High Fructose Corn Spirit

Gym climber
Sep 5, 2018 - 07:26am PT
Marlow, I think a key, one key, to coming to terms with globalizing (globalization) is to recognize its multifarious, many-sided nature.

With some sides of it productive, useful. With others, problematic and in need of solution or management. Curious if you agree?

Harari, for eg, in above piece out just last night, addresses today's globalization that is underway (not just re economics, but re education, science, the Olympics and football, social media, etc etc), the need for some level of global governance (cf: global government), and nationalism vs transnationalism.

Without some level of global governance, how can we hope to manage so-called evolutionary arms racing re autonomous weaponry, for example?

"Globalization" and "globalism" are related but different. Right?

...

re: amythia
re: the power of story

Bari Weiss hits a home run...

"I want to talk about the power of story. Which is something that's a major theme of your new book. You make a strong case that we live in what you call the age of bewilderment. We live in an age in which all of the old stories and the old myths - religion, nationalism even liberalism and the notion of human rights have sort of collapsed. And there's no new story that's come along that's been compelling to replace them. So we need a new story. But you also sort of insist throughout the book that all stories are fictions, they're not true. They're not inherently true. Even the notion of individuality is a myth. So how can we go about building a new story if those are the preconditions? If it's all a construct, how do we have the wherewithal to construct something and get people to believe in it?" -Bari Weiss to Harari
MikeL

Social climber
Southern Arizona
Sep 6, 2018 - 07:25am PT
^^^^^^

Geez, sounds terribly postmodern, doesn't it? Yikes.

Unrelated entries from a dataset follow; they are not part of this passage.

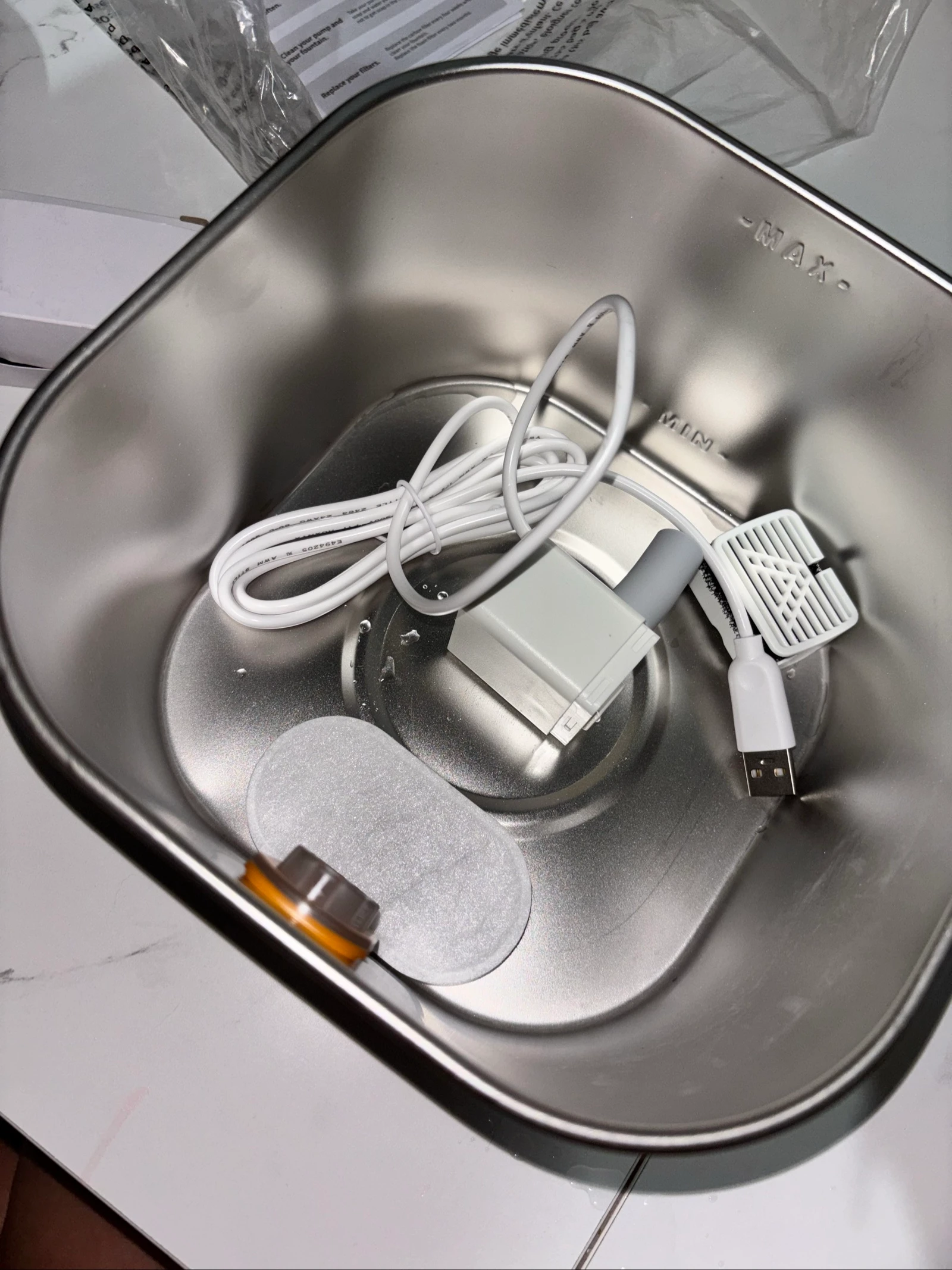 Cat water fountain – photo 2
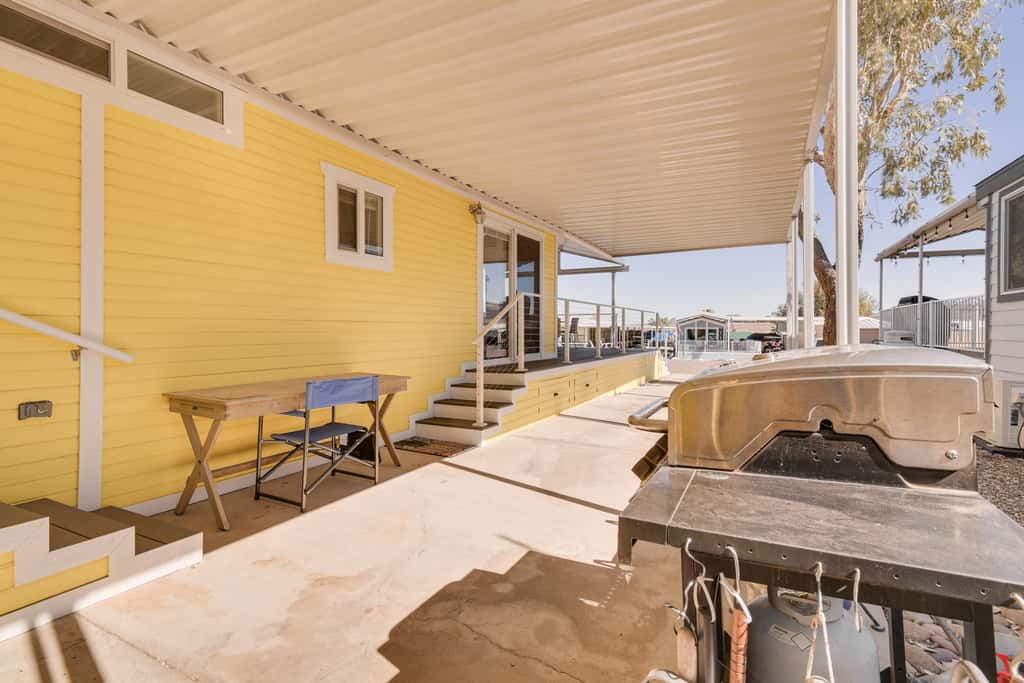 Steps to Beach: Lake Havasu City Home w/ Grill!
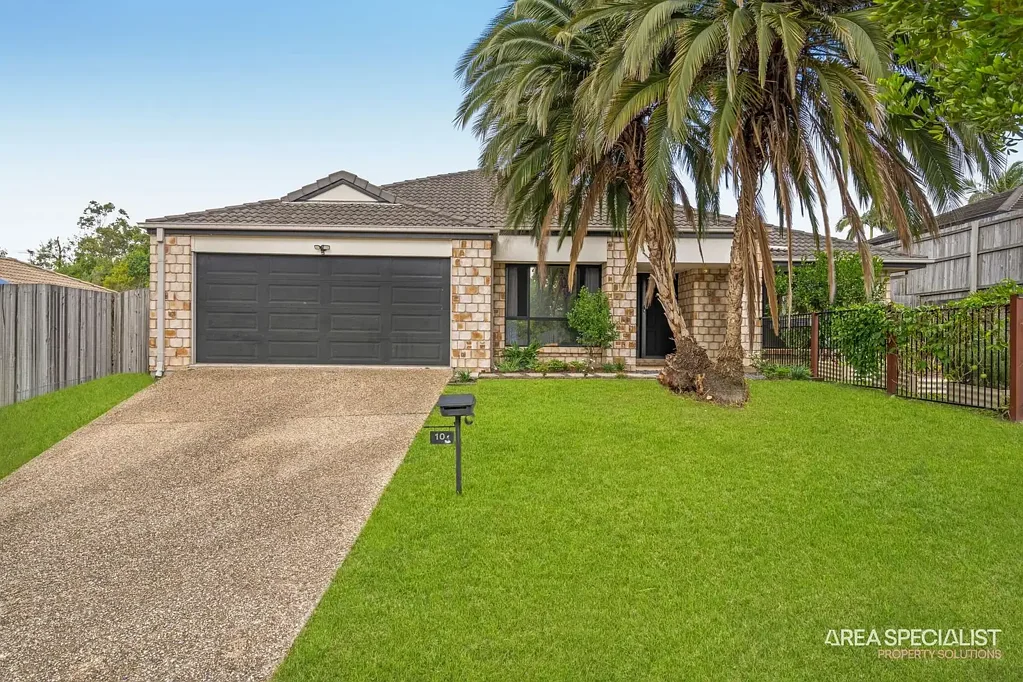 Ormeau 4 Bedroom WHERE INDOOR COMFORT MEETS OUTDOOR LIVING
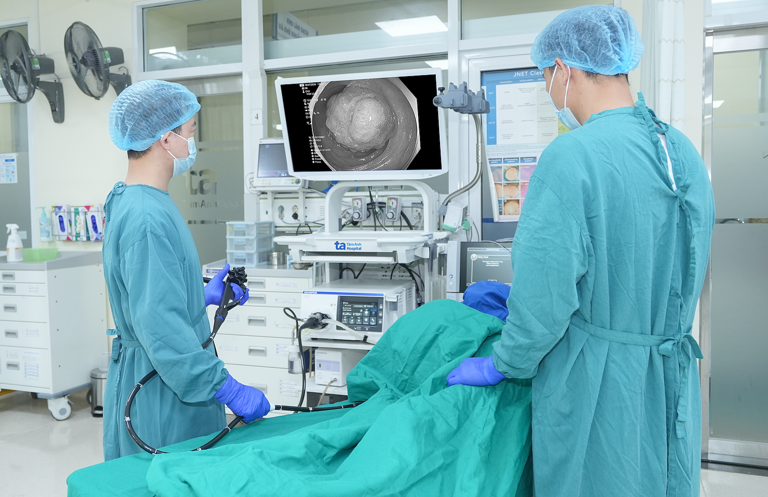 Polyp lấp gần kín lòng đại tràng người đàn ông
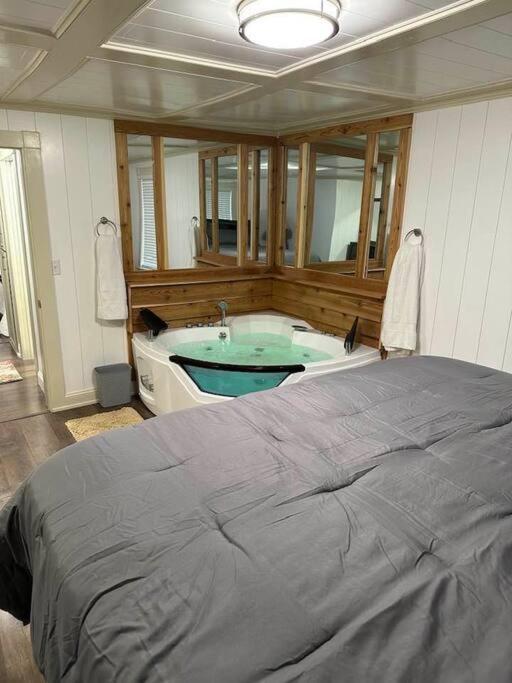 Hot Tub 5 Beds Apartment Moorhead Exterior foto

(Worry, worry. What to do, what to do, what to do?)
WBraun

climber
Sep 6, 2018 - 09:07am PT
So we need a new story

Lol ...... Just as I've been saying for years..

These guys gross materialists, atheists are the guys making up all the horsesh!t all along and
are the obstructionists to everything that holds the actual truth.
Marlow

Sport climber
OSLO
Sep 8, 2018 - 01:13am PT

The bottom line is that many of these big companies have "market power," the ability to raise prices in spite of competition and weak economies. Instead of the competition keeping prices low companies collude to keep the prices high, even raising them. They may not have to pay the corporate taxes to the government but can charge you for them as if they had. They are allowed to charge you $35.00 for overdrafts even though it costs them less than a penny to make the adjustment. They can create their own oligopolies over municipalities, counties, states, even regions. Companies that offer enormous sums to buy the local power or water company will make it up in increased charges even if they cannot justify them. They are able to do this because they lobby and contribute to politicians who appoint industry friendly candidates to regulatory agencies, allow add-on costs, such as surcharges equipment or services that don't exist, and company threats to move out of town or the state unless they are forgiven state taxes for years or even decades.

One of the more insidious breaches of consumer rights is arbitration, once only used in contracts between companies. They are in the contracts you make when buying a car, getting a home equity loan, or the franchise you buy. It keeps you from suing. To make things worse, you must submit to arbitration on the home turf of the company or bank even if it means it's across the country before an arbitrator they have probably used many times before, and to whom you must pay a heafty percentage if he or she rules in your favor.

While these companies market themselves as restrained by regulation, they in fact make regulation work in their behalf. With government sanction and blessing, they have made the consumer pay more for every conceivable service, real or imagined. They are not interested in an unfettered free market because their prices would have to come down, and they are only interested in maintaining their "pricing," a euphemism for profit.